Exercise brief:
The lines below are to be quoted exactly, from the first through the one that contains "Green Apple Ice".

(Brief descriptive captions)
★ ★ ★ ★ ★

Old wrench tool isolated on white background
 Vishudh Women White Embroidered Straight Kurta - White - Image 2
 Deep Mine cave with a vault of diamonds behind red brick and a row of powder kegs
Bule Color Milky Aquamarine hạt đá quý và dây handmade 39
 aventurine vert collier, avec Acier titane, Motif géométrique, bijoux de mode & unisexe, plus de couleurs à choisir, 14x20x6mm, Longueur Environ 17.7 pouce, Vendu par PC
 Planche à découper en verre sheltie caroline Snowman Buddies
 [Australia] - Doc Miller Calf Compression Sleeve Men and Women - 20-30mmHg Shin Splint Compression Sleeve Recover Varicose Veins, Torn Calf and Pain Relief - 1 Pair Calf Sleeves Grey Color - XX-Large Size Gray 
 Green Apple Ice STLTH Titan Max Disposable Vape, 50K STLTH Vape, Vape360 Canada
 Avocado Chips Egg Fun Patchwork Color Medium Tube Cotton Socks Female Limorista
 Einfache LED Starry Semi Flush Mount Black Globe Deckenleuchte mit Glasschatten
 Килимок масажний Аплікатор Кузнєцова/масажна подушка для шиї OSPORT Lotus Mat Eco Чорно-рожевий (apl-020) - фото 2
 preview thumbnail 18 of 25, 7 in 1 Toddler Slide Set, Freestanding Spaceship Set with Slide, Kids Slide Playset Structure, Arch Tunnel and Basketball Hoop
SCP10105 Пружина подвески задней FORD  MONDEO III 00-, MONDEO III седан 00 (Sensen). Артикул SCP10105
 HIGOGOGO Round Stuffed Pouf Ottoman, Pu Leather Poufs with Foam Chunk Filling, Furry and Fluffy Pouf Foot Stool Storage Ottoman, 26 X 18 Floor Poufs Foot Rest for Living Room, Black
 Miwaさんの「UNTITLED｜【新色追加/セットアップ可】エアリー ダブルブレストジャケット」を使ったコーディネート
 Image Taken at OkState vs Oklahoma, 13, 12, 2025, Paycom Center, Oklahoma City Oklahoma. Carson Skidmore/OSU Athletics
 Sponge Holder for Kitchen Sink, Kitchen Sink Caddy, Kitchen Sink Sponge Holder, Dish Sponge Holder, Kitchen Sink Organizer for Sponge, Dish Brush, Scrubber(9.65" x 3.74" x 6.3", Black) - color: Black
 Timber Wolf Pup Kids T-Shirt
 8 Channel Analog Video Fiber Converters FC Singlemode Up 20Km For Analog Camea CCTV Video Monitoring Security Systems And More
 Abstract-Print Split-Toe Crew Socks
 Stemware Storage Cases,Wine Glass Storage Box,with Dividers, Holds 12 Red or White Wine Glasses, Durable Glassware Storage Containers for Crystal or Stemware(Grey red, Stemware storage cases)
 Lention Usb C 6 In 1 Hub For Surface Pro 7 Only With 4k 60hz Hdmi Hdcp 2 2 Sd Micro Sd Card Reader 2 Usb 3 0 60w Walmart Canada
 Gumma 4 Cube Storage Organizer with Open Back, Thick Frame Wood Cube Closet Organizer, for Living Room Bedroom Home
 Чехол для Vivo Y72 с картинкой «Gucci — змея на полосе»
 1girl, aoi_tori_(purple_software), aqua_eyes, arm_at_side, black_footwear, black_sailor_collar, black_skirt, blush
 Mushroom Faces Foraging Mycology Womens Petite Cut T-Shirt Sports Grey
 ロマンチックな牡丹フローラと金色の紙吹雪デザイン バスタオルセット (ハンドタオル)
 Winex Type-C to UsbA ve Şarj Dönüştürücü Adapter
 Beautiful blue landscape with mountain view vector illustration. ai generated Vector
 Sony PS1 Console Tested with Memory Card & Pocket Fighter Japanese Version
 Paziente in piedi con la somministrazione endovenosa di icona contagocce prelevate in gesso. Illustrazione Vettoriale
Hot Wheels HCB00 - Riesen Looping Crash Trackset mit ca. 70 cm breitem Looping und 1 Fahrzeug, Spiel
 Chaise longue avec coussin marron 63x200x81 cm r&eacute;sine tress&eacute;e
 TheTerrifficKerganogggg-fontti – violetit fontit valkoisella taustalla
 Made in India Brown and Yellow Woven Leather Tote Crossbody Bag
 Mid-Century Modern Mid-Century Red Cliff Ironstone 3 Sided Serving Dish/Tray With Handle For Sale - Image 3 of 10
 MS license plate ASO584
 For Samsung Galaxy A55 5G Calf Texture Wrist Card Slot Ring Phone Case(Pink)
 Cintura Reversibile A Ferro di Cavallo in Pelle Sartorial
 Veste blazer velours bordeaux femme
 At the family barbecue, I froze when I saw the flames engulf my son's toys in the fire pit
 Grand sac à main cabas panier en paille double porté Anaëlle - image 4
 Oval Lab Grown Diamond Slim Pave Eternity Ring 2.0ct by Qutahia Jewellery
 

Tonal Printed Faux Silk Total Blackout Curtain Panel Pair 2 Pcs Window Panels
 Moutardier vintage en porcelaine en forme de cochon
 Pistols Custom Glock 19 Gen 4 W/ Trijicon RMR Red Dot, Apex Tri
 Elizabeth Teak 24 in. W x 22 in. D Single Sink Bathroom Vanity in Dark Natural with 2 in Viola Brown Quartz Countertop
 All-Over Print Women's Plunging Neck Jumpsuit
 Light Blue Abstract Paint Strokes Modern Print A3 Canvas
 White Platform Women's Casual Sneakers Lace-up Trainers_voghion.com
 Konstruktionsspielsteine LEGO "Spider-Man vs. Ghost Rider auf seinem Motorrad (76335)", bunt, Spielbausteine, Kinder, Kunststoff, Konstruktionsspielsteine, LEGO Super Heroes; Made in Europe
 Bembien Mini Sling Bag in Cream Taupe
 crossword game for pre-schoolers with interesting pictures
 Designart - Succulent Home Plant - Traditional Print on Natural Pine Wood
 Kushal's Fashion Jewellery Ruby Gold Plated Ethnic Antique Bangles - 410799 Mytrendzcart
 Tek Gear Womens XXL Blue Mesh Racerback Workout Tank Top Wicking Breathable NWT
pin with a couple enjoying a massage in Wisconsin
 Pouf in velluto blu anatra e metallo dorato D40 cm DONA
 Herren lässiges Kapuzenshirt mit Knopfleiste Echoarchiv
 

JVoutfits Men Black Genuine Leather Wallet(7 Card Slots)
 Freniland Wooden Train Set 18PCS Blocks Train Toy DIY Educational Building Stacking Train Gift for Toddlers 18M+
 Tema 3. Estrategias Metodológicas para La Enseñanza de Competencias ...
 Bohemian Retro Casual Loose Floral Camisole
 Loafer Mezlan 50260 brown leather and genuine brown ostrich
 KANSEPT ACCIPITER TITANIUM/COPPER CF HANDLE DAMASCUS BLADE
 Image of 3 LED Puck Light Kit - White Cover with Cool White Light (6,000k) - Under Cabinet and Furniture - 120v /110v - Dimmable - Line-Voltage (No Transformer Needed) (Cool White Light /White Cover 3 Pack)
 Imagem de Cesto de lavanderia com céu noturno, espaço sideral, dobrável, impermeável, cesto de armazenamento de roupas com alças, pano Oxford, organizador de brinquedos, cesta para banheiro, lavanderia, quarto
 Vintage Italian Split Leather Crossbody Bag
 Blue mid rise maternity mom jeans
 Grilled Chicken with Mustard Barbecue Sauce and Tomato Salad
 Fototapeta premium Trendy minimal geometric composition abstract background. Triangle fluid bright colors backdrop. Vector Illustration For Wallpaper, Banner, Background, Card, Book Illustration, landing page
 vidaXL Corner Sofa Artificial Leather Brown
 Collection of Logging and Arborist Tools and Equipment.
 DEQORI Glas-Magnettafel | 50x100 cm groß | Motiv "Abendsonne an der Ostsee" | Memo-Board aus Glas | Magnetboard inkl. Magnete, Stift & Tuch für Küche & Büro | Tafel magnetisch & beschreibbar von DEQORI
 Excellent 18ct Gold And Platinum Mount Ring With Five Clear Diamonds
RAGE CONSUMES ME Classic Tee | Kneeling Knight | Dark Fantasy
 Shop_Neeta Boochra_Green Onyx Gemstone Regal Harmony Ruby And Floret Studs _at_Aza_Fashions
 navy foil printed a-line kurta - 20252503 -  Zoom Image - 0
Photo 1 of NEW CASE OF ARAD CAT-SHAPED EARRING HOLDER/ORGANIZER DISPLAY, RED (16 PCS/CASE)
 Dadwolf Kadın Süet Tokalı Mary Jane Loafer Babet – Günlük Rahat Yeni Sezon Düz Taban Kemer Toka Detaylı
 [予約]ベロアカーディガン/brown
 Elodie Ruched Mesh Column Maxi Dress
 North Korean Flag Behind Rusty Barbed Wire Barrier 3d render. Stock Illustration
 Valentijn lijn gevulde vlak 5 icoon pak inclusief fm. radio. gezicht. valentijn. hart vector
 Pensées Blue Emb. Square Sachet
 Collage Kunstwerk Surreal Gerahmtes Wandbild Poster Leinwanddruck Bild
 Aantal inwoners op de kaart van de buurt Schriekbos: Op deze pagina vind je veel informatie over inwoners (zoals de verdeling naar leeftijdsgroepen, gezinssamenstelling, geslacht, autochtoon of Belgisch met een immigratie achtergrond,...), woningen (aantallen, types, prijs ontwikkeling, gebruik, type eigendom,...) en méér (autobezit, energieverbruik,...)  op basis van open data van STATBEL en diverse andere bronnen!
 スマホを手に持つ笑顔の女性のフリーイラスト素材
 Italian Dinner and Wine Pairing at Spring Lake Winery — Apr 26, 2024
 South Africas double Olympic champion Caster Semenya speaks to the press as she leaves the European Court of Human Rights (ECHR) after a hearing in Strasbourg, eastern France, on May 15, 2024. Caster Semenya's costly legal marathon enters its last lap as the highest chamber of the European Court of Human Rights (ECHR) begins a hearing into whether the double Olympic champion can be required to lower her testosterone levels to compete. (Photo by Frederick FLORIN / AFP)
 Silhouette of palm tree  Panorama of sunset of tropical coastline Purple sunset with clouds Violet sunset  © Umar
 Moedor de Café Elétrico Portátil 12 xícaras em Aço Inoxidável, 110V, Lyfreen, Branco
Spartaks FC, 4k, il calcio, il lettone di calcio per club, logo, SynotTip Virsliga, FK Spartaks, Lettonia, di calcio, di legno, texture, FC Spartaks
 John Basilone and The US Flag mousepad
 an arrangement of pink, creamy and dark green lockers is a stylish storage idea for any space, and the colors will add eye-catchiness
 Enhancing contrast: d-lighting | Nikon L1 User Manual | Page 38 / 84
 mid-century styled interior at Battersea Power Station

★ ★ ★ ★ ★

Output of the exercise:
Old wrench tool isolated on white background
 Vishudh Women White Embroidered Straight Kurta - White - Image 2
 Deep Mine cave with a vault of diamonds behind red brick and a row of powder kegs
Bule Color Milky Aquamarine hạt đá quý và dây handmade 39
 aventurine vert collier, avec Acier titane, Motif géométrique, bijoux de mode & unisexe, plus de couleurs à choisir, 14x20x6mm, Longueur Environ 17.7 pouce, Vendu par PC
 Planche à découper en verre sheltie caroline Snowman Buddies
 [Australia] - Doc Miller Calf Compression Sleeve Men and Women - 20-30mmHg Shin Splint Compression Sleeve Recover Varicose Veins, Torn Calf and Pain Relief - 1 Pair Calf Sleeves Grey Color - XX-Large Size Gray 
 Green Apple Ice STLTH Titan Max Disposable Vape, 50K STLTH Vape, Vape360 Canada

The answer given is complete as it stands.